Welcome to Legal Tender Farm

Welcome to Legal Tender Farm

Wednesday, December 31, 2008

With Goat

Hyacinth. Pregnant or not?

Nosy Goat

...and maybe a little help from Billy.

Loafing Sheds

The previous owner of the property had built partial loafing sheds. Mostly they were four poles with tin roofs. A couple of them have wooden sides half way up. We found that these were not enough shelter for the animals when it was both raining and freezing. They didn't seem to mind standing in the rain, even pouring, driving rain this past summer, but they were obviously miserable when they got wet and cold. From what I've read about donkeys, their coats don't shed water like a horse's will. They just get soaked to the skin. It didn't seem to be a good idea to let the babies get soaked with the freezing weather coming.

The sheds didn't do much more than provide shade in the summer because the wind blew through them, carrying the rain right along. So Tom's project as been enclosing the sheds on three and a half sides. It's much cozier for them and they hunker down in the sheds when the weather gets bad.
To enclose the goat shed, Tom used some tin that he got off the old barn. Then he bought some new tin to enclose the donkey shed. His plan was to paint the sheds to match the barn. I didn't like that because I'm sure that painting the sheds will be such a low priority that it will never get done, but Tom insisted that he will paint them. Then, we priced the paint and discovered that it will cost more to paint the sheds than to buy the tin already painted the right color. Sigh.
Anyway, Tom got two sheds done with a little help from me and more from Paden and his friend.

Friday, December 26, 2008

Cold Showers

When you have a propane tank, don't let it get empty.

I'm just sayin'.

Monday, December 22, 2008


It's been a month or so, but we finished the breezeway, which was previously a covered outside walkway/narrow porch between the kitchen door and the carport (turned garage) door. I'll post pics of the inside later, but in the meantime, this is a pic of the outside...where the two windows are is where the walkway used to be.

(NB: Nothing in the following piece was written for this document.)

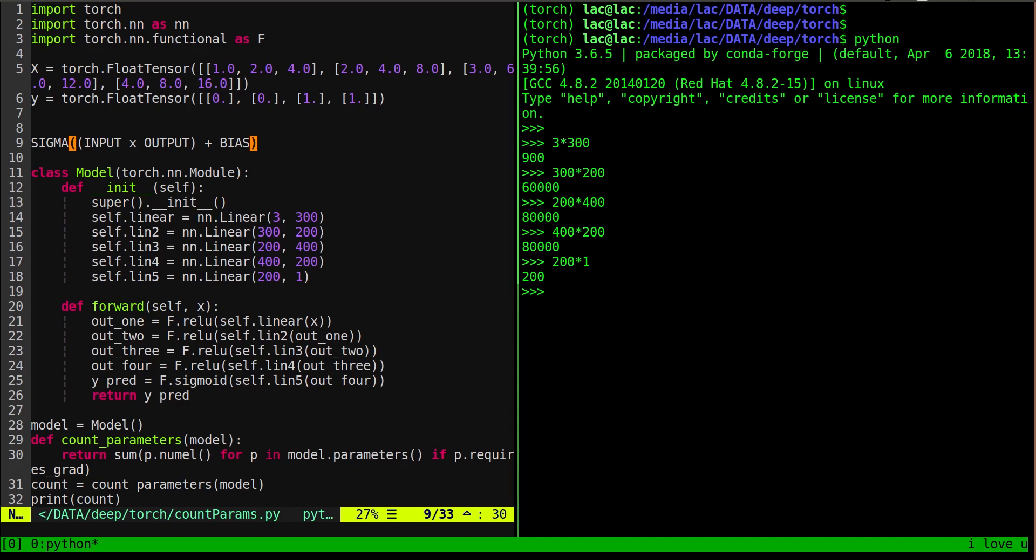Now you got to add your biases. To know the number of biases in each layer, you just basically take the number of nodes in that layer. Pretty straightforward. We're just going to say that here we have 300, then 200 and 400, then 200, and then one bias. So first, let's add all of our weights.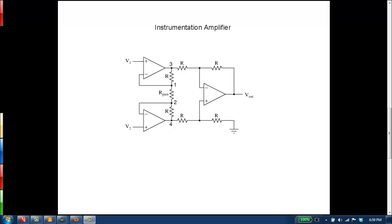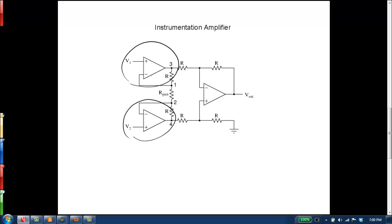Here we're going to talk a little bit about instrumentation amplifiers. Instrumentation amplifiers are basically combinations of operational amplifiers that are wired together in a way that has some very useful properties. This is a simplified diagram for an instrumentation amplifier. There are two op amps at the inputs, which act as buffers and help clean the signals coming in, and then another op amp downstream which takes the difference and multiplies that by a certain amount of gain and produces our output voltage.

We discovered that the brick was Antique Chicago, which actually does mean antique Chicago. The bricks are from old buildings in Chicago that have been torn down and repurposed. It wasn't possible to match what was already on the house, not exactly, because obviously, the bricks used on the house 30 years ago were from a different building than the bricks we were able to buy now. An interesting thing I found out that the different colors on the bricks are caused by signs that had been painted on the old buildings. Like, if you get some with red or black or white, it may have been a Coca-Cola sign. Anyway, needless to say, our brick doesn't match, but it's very close and I don't mind. If you look closely, you can tell. The color difference would probably have been much more noticeable if I hadn't noticed and stopped the brick layer from using grey grout. The rest of the grout on the house is a dark tan. I felt bad because he was already starting on his third row of bricks. But who uses grey grout on a tan grout house? He was a good sport, though, and took it all down, remixed the grout to my satisfaction and did a fantastic job otherwise.
Oh, and we have a whole pallet left over. The place where I bought the brick estimated that I needed two pallets, but we only ended up using one. Then they wouldn' t take the other pallet back. Oh well, I'll just have to think of some fun project to do with the brick.

To Pick or Not To Pick

Apparently, I have no clue as to when to harvest my vegetables, as evidenced by the giant zucchini and now the giant v. tiny carrots. I read somewhere, Howard Garrett's book? carrot seed package? that carrots are to be picked when the tops are wilted. That didn't sound right to me because when I see carrots with tops in the produce section of the grocery store, they always have pretty tops. But I tried it anyway. I waited and waited and the tops never wilted. They just got bigger. So I pulled up a test carrot and it was enormous, so I pulled up several more. Some of them were tiny babies, some were normal sized, and a couple were freakishly large.

We, well, not me, ate some for lunch on Sunday. I made a roast for us and we invited the visiting preacher and his wife. I always put carrots in the pot roast. I don't like them, but the rest of my family does. I guess they were OK. Nobody complained. But I didn't use the huge ones. For some reason, I think that overgrown ones might not be good.

The goats and donkeys enjoyed the carrot tops.
Oh yeah, I harvested some broccoli, too. In the middle of December. Amazing!

Saturday, December 06, 2008

Kamikazee Casualties

Awww! Yesterday, for some unknown reason, birds started crashing into the living room windows. I don't know what is different than all the days before when they didn't crash into the windows, but it was happening all day. Then, this morning, when a HAWK crashed into the window, it prompted me to go have a look. This is what I discovered. Two sad little birds, a Cardinal and a Woodpecker, must have broken their tiny necks in their headlong dash toward what they must have thought was a clear passageway through my living room. I taped a piece of newspaper up in the middle of the window in hopes that it will give the rest of the birds enough pause to save their lives.